How often, when someone says “Sorry” have I heard myself saying something along the lines of: “Sorry is easy ... Sorry is a very short word for a very long time of hurt ... If only you knew what you had done to me, you would not just be saying ‘Sorry’.”
How often do we feel leaving someone begging for forgiveness, even without forgiveness, gives us a sense of righteous fulfilment?
When someone asks for my forgiveness, and I refuse to forgive them, then the balance of power has shifted. When they were wronging me, they were in control. When I refuse to forgive, I assume control.
And how often we love to be in control, in power, to use that control and power?
On the cross, Christ is no longer in control. He has emptied himself of everything and gives up all control over how he is going to die, how his body is going to be disposed of.
But he does not say: “I’ll wait on others to ask for forgiveness before I say, ‘Father, forgive them; for they do not know what they are doing’.”
It is also difficult to forgive when I feel that I have no right to offer forgiveness. Can I forgive the Holocaust, the decades of murder in Northern Ireland, the decades of oppression and racism in South Africa, the murders on 9/11, “ethnic cleansing” in the Balkans, or, more recently, attacks on innocent civilians, mothers and children, in the Gaza Strip, or by Isis on Christians, Yazidis and a variety of Muslims in Iraq and Syria?
Asking whether those who perpetuated those crimes are willing to amend their ways and are willing to give commitments that these crimes are never, ever, going to be repeated, is seldom a possibility after this lapse of time.
But how can I forgive those great crimes of the past century when I was not a Jew in Auschwitz, a policeman in Armagh, a black African in Soweto, a worker in the Twin Towers, a Bosnian, Serb or Croat who lived through the horrors that came with the break-up of Yugoslavia, a Palestinians mother in the Gaza Strip, a Syrian or Iraqi refugee?
Yet the first call on my forgiveness may not be the major crimes of recent decades. Sometimes I am called not even to forgive those who have been offensive to me in word and deed, at work or at home.

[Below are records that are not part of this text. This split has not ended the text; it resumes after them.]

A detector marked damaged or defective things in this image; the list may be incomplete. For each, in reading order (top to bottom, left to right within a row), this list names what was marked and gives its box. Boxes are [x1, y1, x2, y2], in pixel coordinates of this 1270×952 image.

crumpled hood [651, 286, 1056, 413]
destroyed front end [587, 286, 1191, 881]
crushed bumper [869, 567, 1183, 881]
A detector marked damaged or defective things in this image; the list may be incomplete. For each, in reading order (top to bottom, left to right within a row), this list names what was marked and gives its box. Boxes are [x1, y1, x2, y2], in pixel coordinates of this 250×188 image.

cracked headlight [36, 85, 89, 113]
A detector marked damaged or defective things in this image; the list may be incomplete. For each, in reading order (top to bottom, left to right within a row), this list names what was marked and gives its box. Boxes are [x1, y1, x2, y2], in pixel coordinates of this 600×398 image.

Sometimes, the most difficult person to forgive is myself, for the things realise I have done to others, for the things I have said about others, for the things I have done to those I love, for the things I have done to myself. Or, in the words of The Book of Common Prayer, when I have left undone those things I ought to have done, and I have done those things I ought not to have done.
When Christ calls out on the Cross, “Father, forgive them; for they do not know what they are doing,” I know not what I have done and what I have left undone that has placed him there.

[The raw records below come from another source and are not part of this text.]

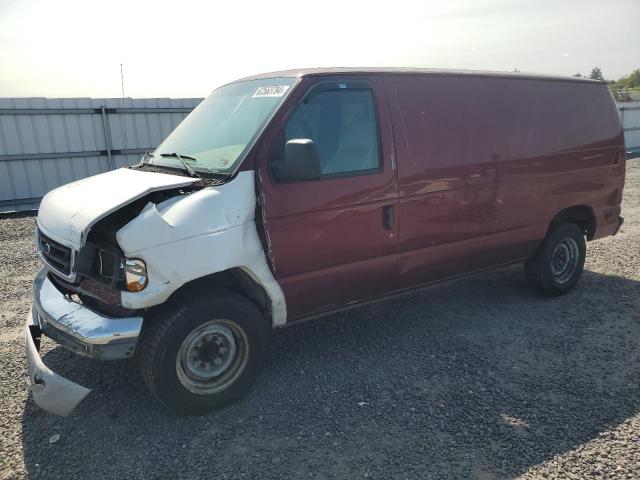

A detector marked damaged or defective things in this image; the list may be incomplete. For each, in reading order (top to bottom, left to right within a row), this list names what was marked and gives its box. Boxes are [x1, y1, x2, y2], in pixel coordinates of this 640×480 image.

damaged cargo van [26, 67, 624, 416]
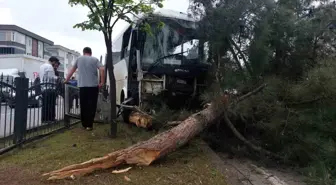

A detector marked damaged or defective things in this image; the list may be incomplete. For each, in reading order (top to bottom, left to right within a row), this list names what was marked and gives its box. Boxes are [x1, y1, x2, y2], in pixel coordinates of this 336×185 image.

damaged bus front [111, 9, 209, 118]
broken windshield [141, 17, 205, 68]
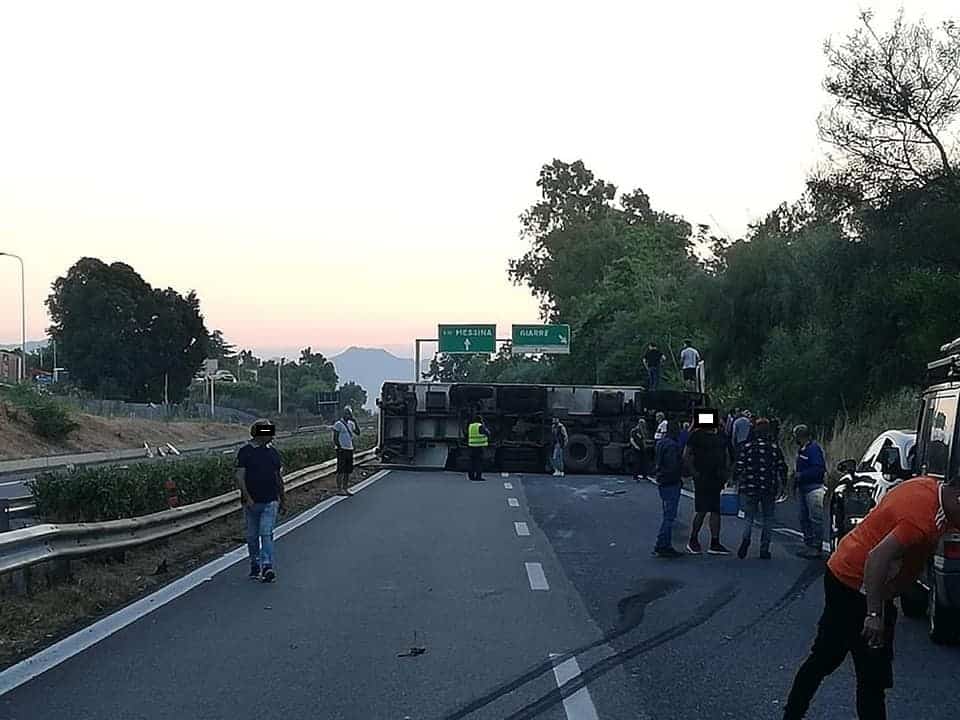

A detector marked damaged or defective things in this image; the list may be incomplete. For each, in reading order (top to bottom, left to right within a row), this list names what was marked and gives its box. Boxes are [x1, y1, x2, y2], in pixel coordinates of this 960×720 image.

overturned truck [378, 380, 708, 476]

But whether I know or know not, he asks the Father for forgiveness for me.
And my response should be not to ask why, but to accept. I cannot hold back from accepting that forgiveness. I cannot try to hold power over God.
When I cannot forgive, when I have no right to forgive, when I am powerless to forgive, when it is not my place to forgive, when I have no right to forgive, when I refuse to forgive, when I am too weak to forgive yet think I am being strong in refusing to forgive, when I delay, dally and ponder whether I should forgive, when I take control and leave others waiting to be forgiven, I realise I am not perfect.
But Christ’s response is perfect, and that can be good enough for me, at least for today.
My response to God’s forgiveness should be generous acceptance. And in that I have freedom from all past hurts; all past offences and all hidden wounds are healed.
Lord Jesus Christ,
in your hour of agony,
you asked your Father’s forgiveness
for those who caused you pain.
Give us strength to love our enemies
and bless our persecutors,
that we may reflect your love to those around us,
for your mercy’s sake. Amen.
(Revd Canon Professor) Patrick Comerford is Lecturer in Anglicanism, Liturgy and Church History, the Church of Ireland Theological Institute, Dublin. This is the first of seven reflections on “the Seven Last Words” on Good Friday, 3 April 2015, in All Saints’ Church, Grangegorman, Dublin, where the Vicar is Archdeacon David Pierpoint.